Information supplied:
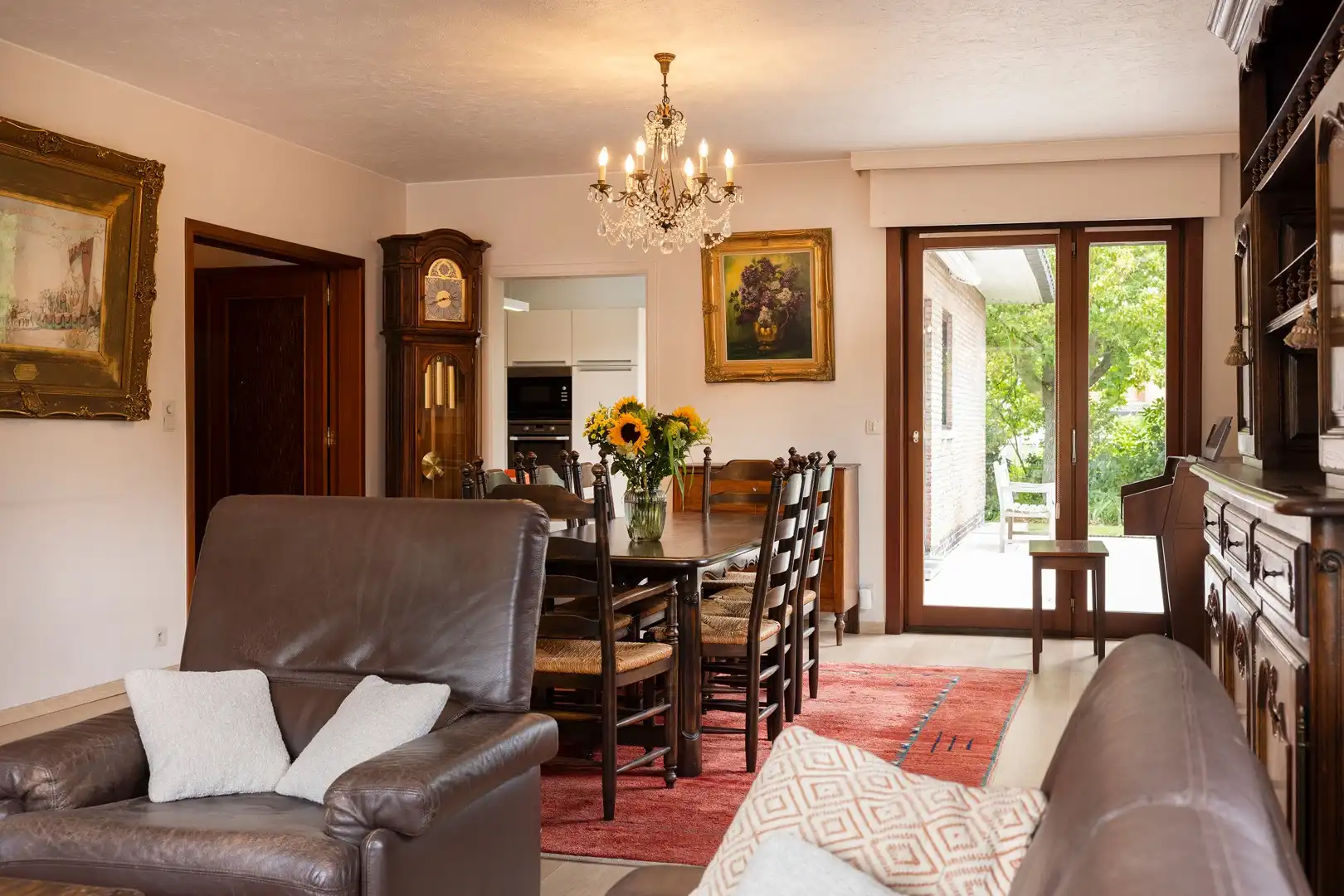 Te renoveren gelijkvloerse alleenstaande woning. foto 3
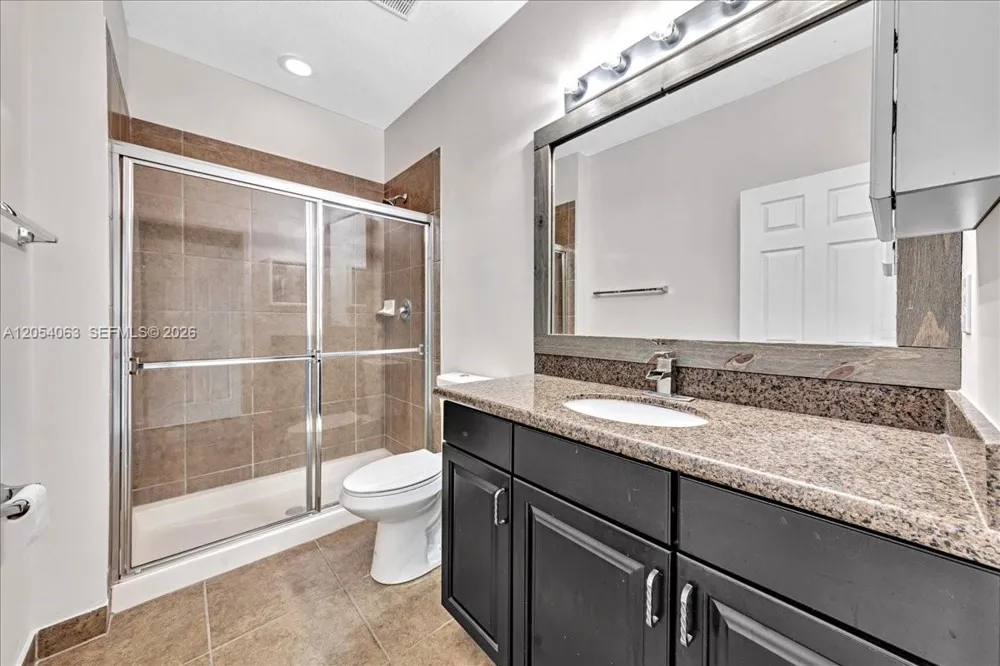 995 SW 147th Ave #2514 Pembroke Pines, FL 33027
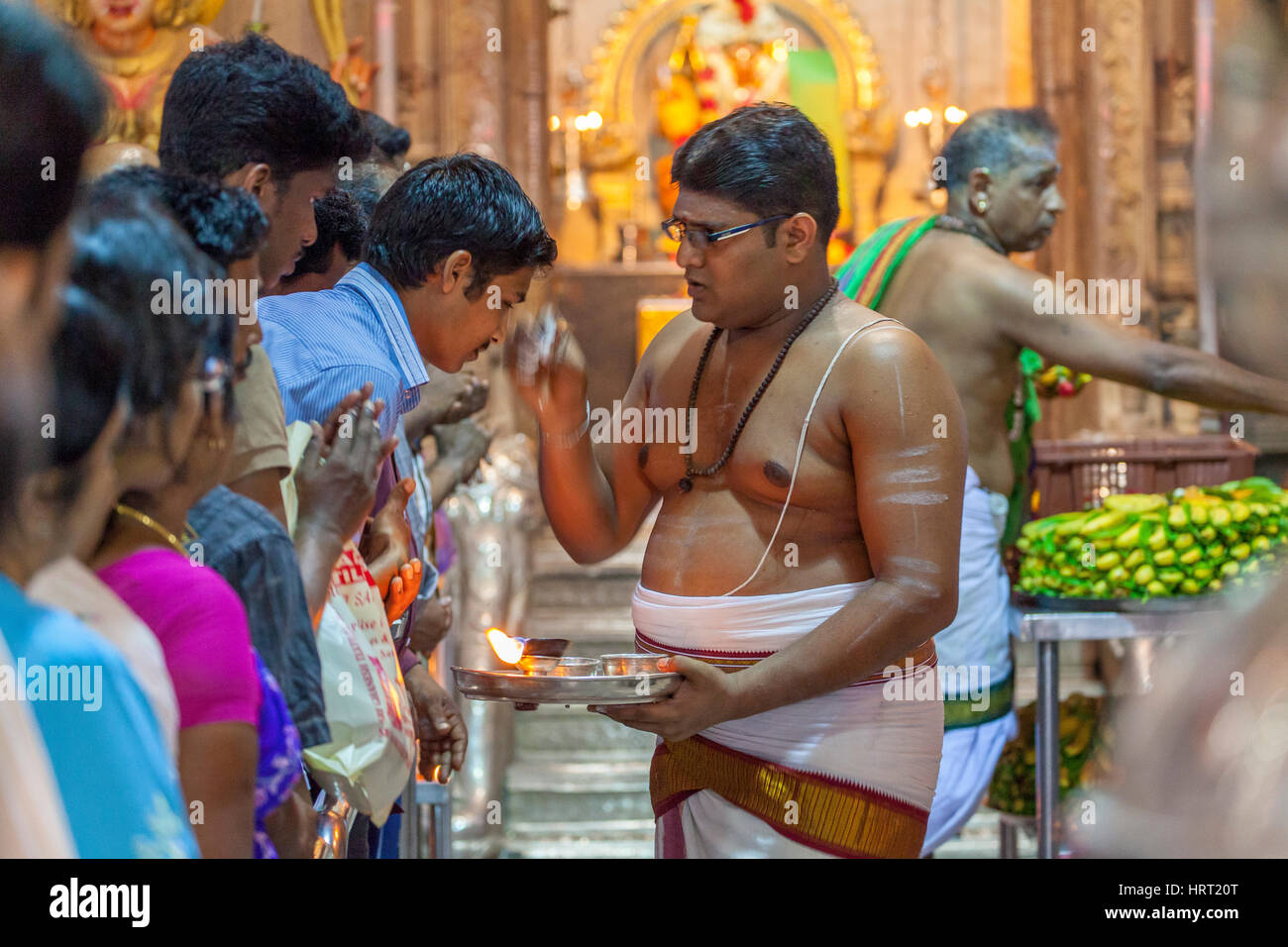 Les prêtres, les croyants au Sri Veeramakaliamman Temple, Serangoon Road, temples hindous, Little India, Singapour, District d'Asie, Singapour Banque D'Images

Exercise details: Every word of the data should be reproduced exactly; please omit any pictures.

Task response:
 Te renoveren gelijkvloerse alleenstaande woning. foto 3
 995 SW 147th Ave #2514 Pembroke Pines, FL 33027
 Les prêtres, les croyants au Sri Veeramakaliamman Temple, Serangoon Road, temples hindous, Little India, Singapour, District d'Asie, Singapour Banque D'Images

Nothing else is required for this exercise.